Thompson v. Broadfoot

165 F.2d 744 | 2d Cir. | 1948

FRANK, Circuit Judge.

A derivative action was brought by stockholders of The Aspinook Corporation against that corporation, its directors, officers, and others. The plaintiff stockholders own less than 5% or $50,000 in market value of the company’s stock. The company moved for an order requiring plaintiffs to furnish security pursuant to § 61-b of the New York General Corporation Act, Consol.Laws, c. 23. The district court made an order denying this motion, and, on reargument, adhered to its decision. When the company appealed, we dismissed the appeal on the ground that the order was not appealable.1 2The company then filed leave for a petition of mandamus here to compel the judge to grant its motion; on October 17, 1947, we denied that petition on the ground that the matter was not one in which mandamus should issue.2 The Aspinook Corporation v. Bright, 2 Cir., 165 F.2d 294. At the time when the company reargued its motion, appellants, stockholders of the company, moved for leave to intervene. They now appeal from an order of the district court denying that motion.

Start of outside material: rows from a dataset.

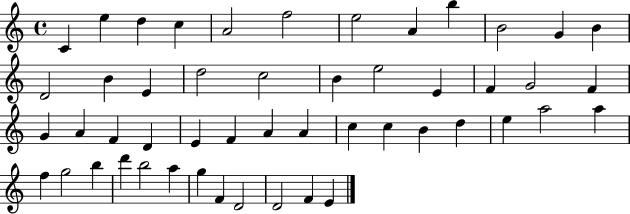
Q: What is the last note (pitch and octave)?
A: E4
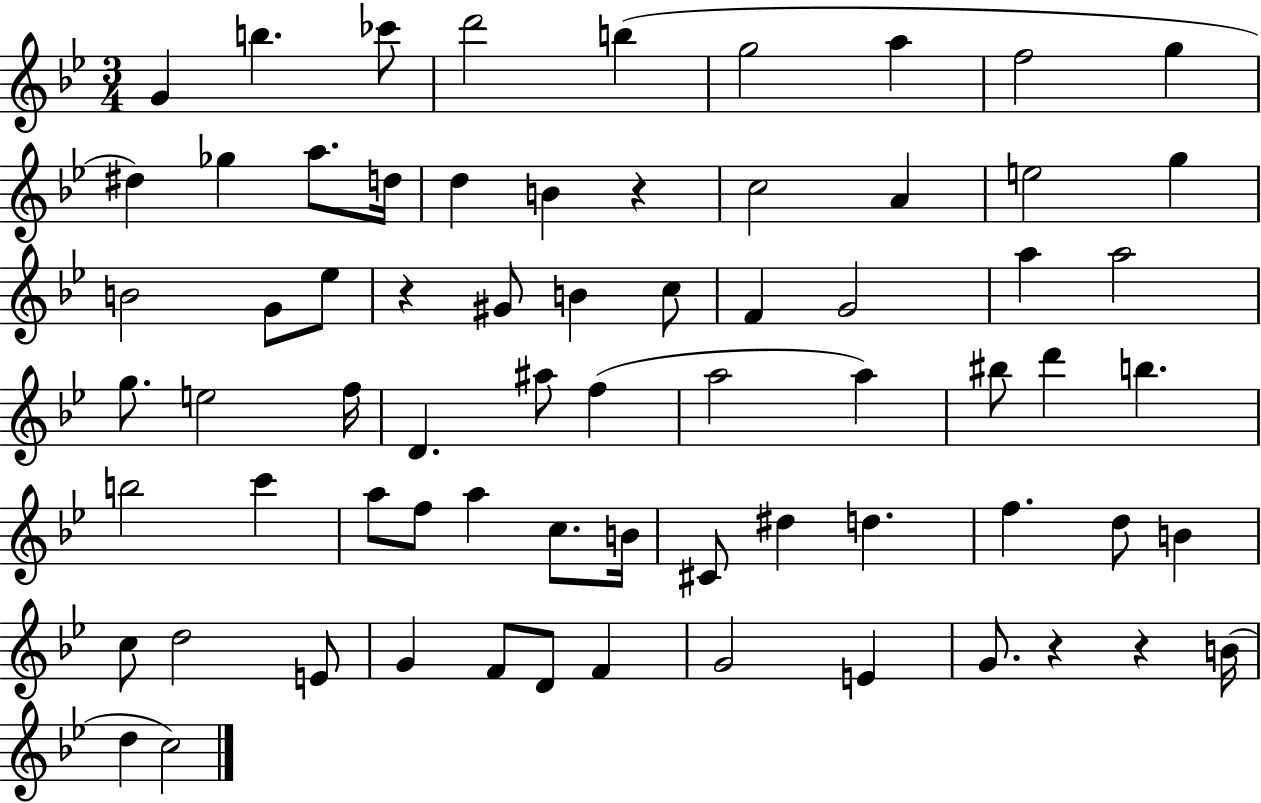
{
  \clef treble
  \numericTimeSignature
  \time 3/4
  \key bes \major
  g'4 b''4. ces'''8 | d'''2 b''4( | g''2 a''4 | f''2 g''4 | \break dis''4) ges''4 a''8. d''16 | d''4 b'4 r4 | c''2 a'4 | e''2 g''4 | \break b'2 g'8 ees''8 | r4 gis'8 b'4 c''8 | f'4 g'2 | a''4 a''2 | \break g''8. e''2 f''16 | d'4. ais''8 f''4( | a''2 a''4) | bis''8 d'''4 b''4. | \break b''2 c'''4 | a''8 f''8 a''4 c''8. b'16 | cis'8 dis''4 d''4. | f''4. d''8 b'4 | \break c''8 d''2 e'8 | g'4 f'8 d'8 f'4 | g'2 e'4 | g'8. r4 r4 b'16( | \break d''4 c''2) | \bar "|."
}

Such an order is interlocutory' and not forthwith appealable unless inter-vention is a matter of right.3 Appellants concede that whether such a right exists here depends upon the application to the facts of Federal Rules of Civil Procedure, rule 24(a) (2), 28 U.S.C.A. following section 723c. Accordingly, there can be no such right here, unless the representation of appellants’ interest by the plaintiff stockholders “is or may be inadequate and the” appellants are “or may be bound by a judgment in the action.” Appellants contend that they are within those requirements for the following reasons: (1) It may hereafter be held, by this court or the United States Supreme Court, that the New York statute applies, and then, if the present stockholders alone are maintaining the suit, it may be stayed (or dismissed.) (2) But appellants hold sufficient stock so that, if they are permitted to intervene, the provisions of the New York statute which would preclude an effective demand for security will be satisfied.

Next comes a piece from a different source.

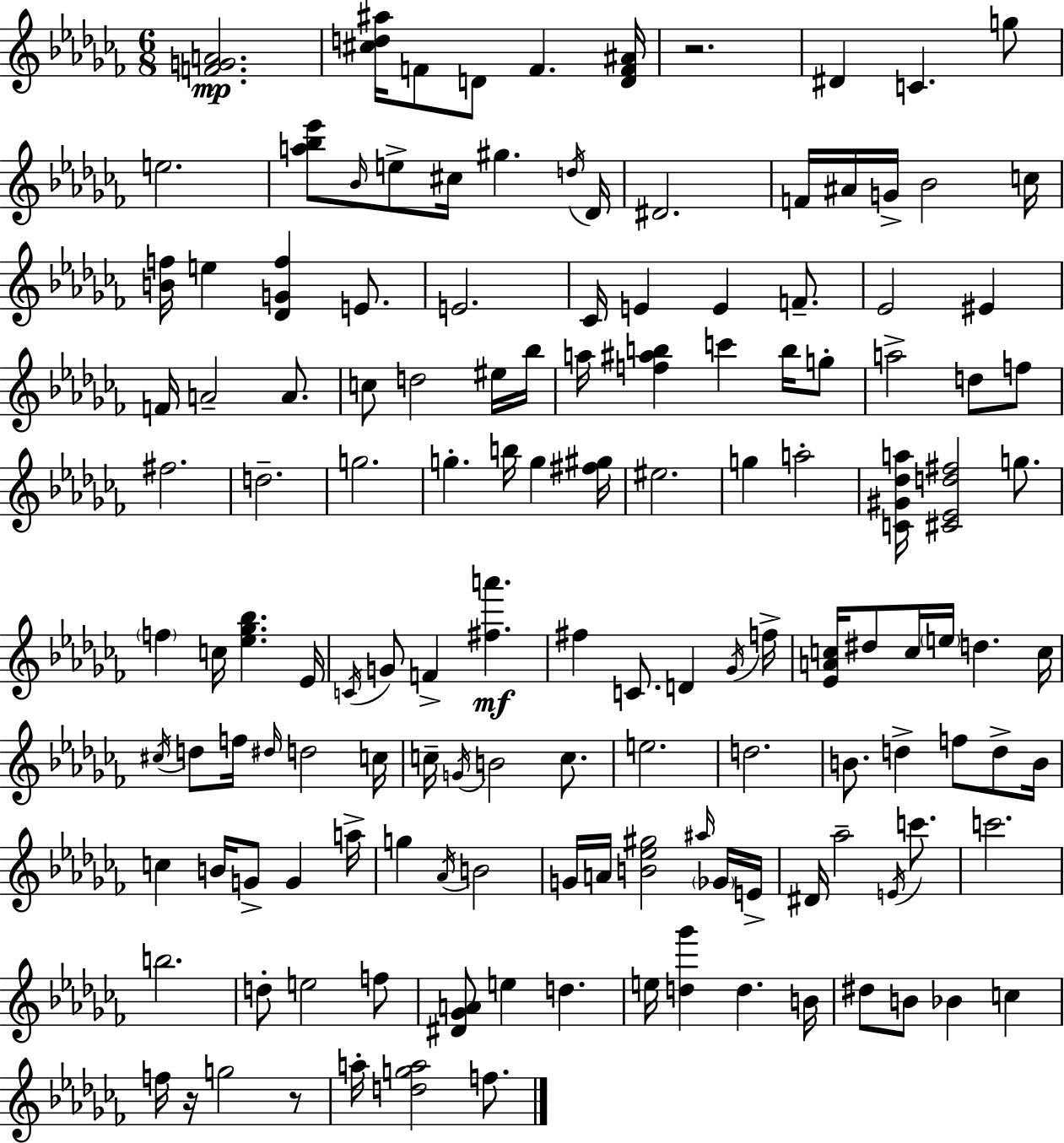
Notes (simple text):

[F4,G4,A4]/h. [C#5,D5,A#5]/s F4/e D4/e F4/q. [D4,F4,A#4]/s R/h. D#4/q C4/q. G5/e E5/h. [A5,Bb5,Eb6]/e Bb4/s E5/e C#5/s G#5/q. D5/s Db4/s D#4/h. F4/s A#4/s G4/s Bb4/h C5/s [B4,F5]/s E5/q [Db4,G4,F5]/q E4/e. E4/h. CES4/s E4/q E4/q F4/e. Eb4/h EIS4/q F4/s A4/h A4/e. C5/e D5/h EIS5/s Bb5/s A5/s [F5,A#5,B5]/q C6/q B5/s G5/e A5/h D5/e F5/e F#5/h. D5/h. G5/h. G5/q. B5/s G5/q [F#5,G#5]/s EIS5/h. G5/q A5/h [C4,G#4,Db5,A5]/s [C#4,Eb4,D5,F#5]/h G5/e. F5/q C5/s [Eb5,Gb5,Bb5]/q. Eb4/s C4/s G4/e F4/q [F#5,A6]/q. F#5/q C4/e. D4/q Gb4/s F5/s [Eb4,A4,C5]/s D#5/e C5/s E5/s D5/q. C5/s C#5/s D5/e F5/s D#5/s D5/h C5/s C5/s G4/s B4/h C5/e. E5/h. D5/h. B4/e. D5/q F5/e D5/e B4/s C5/q B4/s G4/e G4/q A5/s G5/q Ab4/s B4/h G4/s A4/s [B4,Eb5,G#5]/h A#5/s Gb4/s E4/s D#4/s Ab5/h E4/s C6/e. C6/h. B5/h. D5/e E5/h F5/e [D#4,Gb4,A4]/e E5/q D5/q. E5/s [D5,Gb6]/q D5/q. B4/s D#5/e B4/e Bb4/q C5/q F5/s R/s G5/h R/e A5/s [D5,G5,A5]/h F5/e.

We think appellants’ motion not within the Rule. If the reference in the Rule to “a judgment in the action” means a judgment on the merits, there is no claim that the plaintiff’s representation of the appellants’ interest “is or may be inadequate”; on the other hand, if the Rule refers to an order staying (or dismissing) the pending-suit, the possibility of which is the asserted ground of inadequacy of the plaintiff’s representation, the appellants will not be bound by it. It follows that their intervention is not a matter of right, and the appeal must consequently be dismissed.

Appeal dismissed.

The writer dissented.

The writer concurred, but said he thought we should consider the merits and, doing so, should hold that the judge’s order was correct because the New York statute affects federal procedure solely, and therefore is inapplicable in the federal courts.

See, e.g., In re Dolcater, 2 Cir., 306 F.2d 30, 32; United States v. Radice, 2 Cir., 40 F.2d 445; Mullins v. De Soto Securities Co., 5 Cir., 136 F.2d 55, 56; cf. Sorensen v. United States, 2 Cir., 160 F.2d 938; Allen Co. v. Cash Register Co., 322 U.S. 137, 141, 64 S.Ct. 905, 88 L.Ed. 1188; Cresta Blanca Wine Co. v. Eastern Wine Corporation, 2 Cir., 143 F.2d 1012, 1014, 1015.